=== Work instructions ===
The lines in the listing below are to be given again exactly, starting at the line holding "Scuba Crepe Long Sleeve Dress" and ending at the line holding "Sliding Door NARVIK". Do not include pictures.

=== Supplied information ===
__________
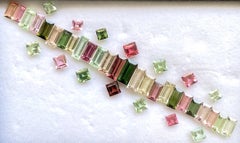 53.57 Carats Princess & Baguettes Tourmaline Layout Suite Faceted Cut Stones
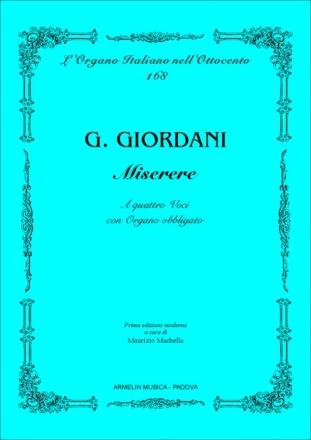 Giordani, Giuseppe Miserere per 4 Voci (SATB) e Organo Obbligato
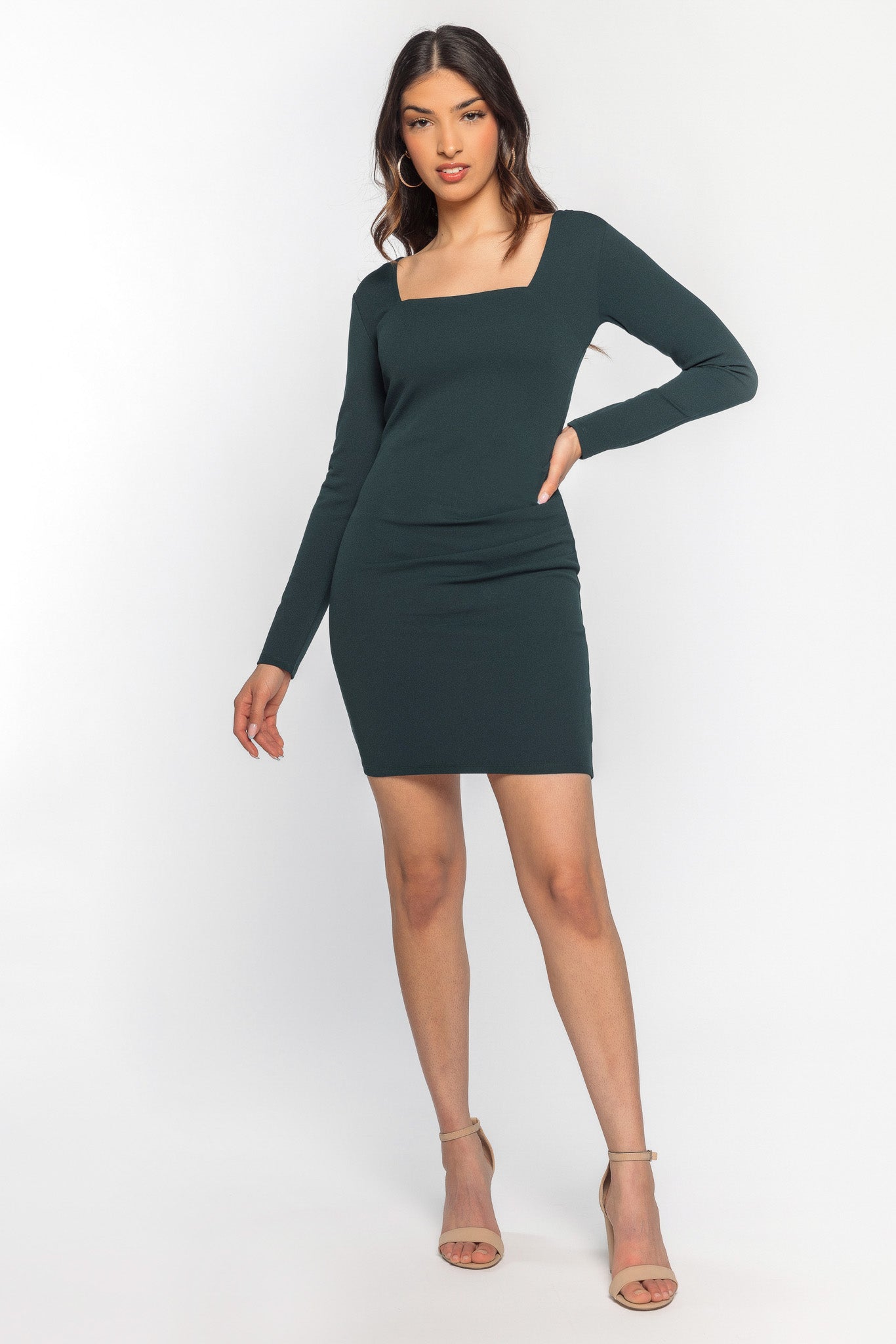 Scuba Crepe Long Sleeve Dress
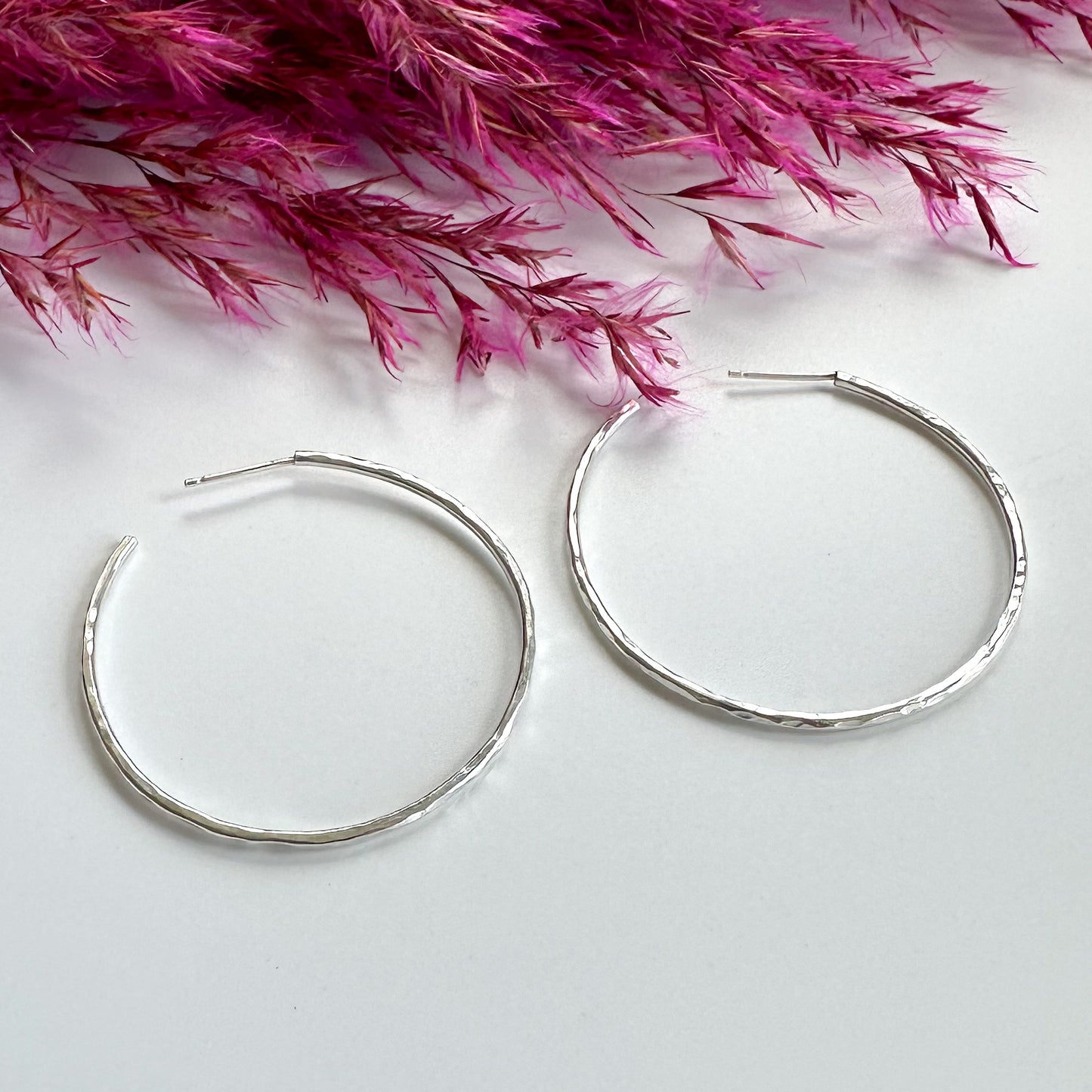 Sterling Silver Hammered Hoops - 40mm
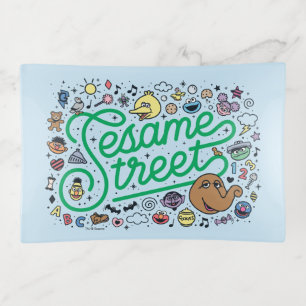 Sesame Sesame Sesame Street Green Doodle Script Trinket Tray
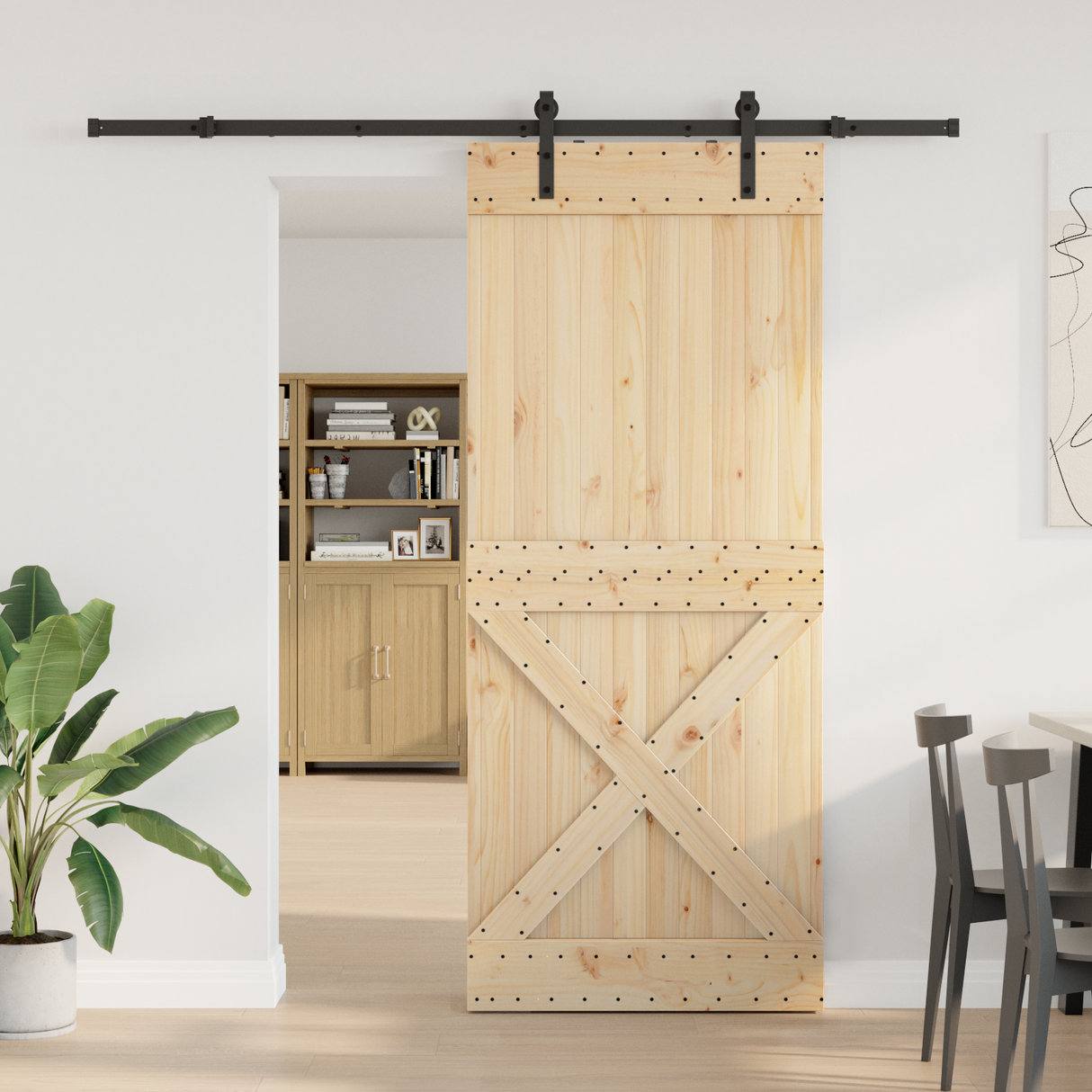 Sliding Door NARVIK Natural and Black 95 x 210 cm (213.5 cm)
__________
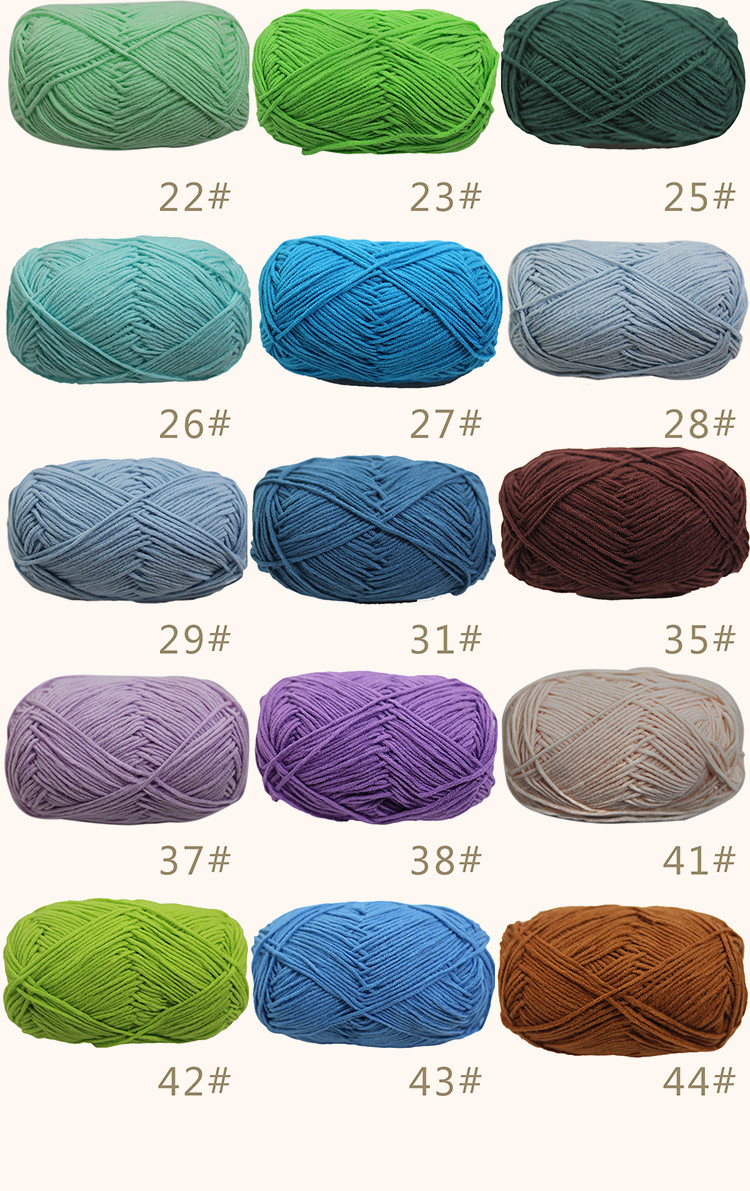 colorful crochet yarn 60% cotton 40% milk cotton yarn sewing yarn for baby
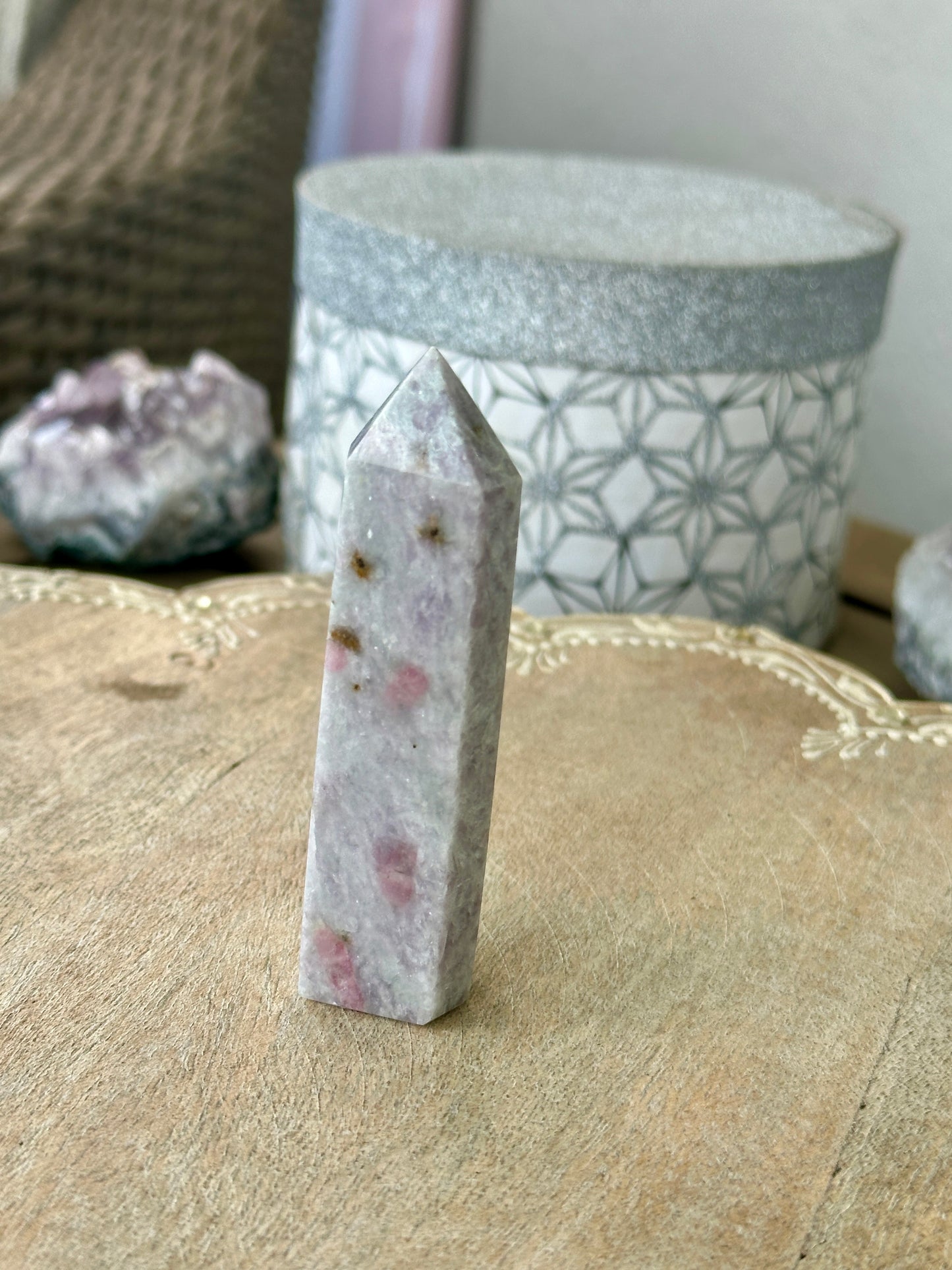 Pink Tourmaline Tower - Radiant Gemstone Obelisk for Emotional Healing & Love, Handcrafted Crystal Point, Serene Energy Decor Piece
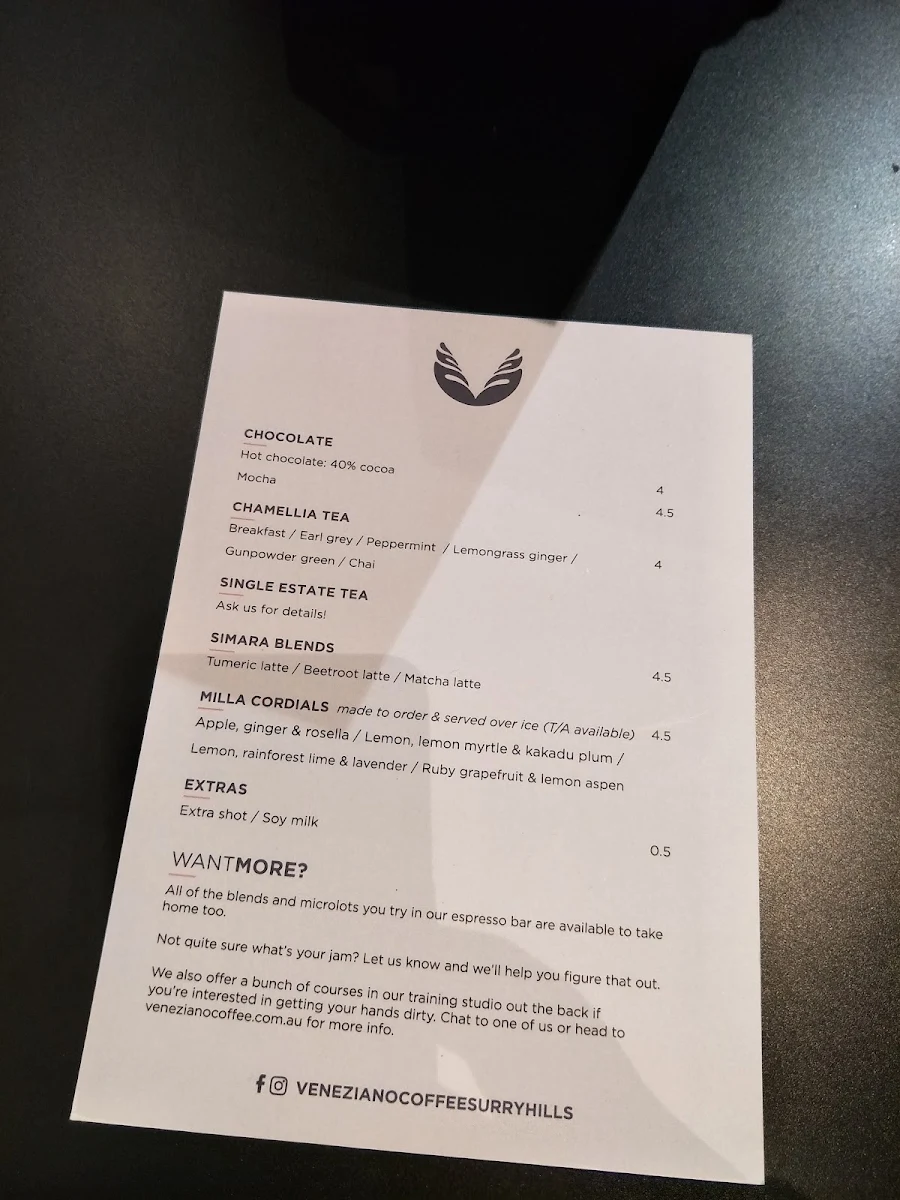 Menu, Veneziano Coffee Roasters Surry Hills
__________
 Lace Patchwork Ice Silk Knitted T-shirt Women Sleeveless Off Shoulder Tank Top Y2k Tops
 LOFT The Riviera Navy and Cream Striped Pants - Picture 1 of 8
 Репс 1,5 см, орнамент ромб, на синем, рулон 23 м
__________
=== Completed task ===
 Scuba Crepe Long Sleeve Dress
 Sterling Silver Hammered Hoops - 40mm
 Sesame Sesame Sesame Street Green Doodle Script Trinket Tray
 Sliding Door NARVIK Natural and Black 95 x 210 cm (213.5 cm)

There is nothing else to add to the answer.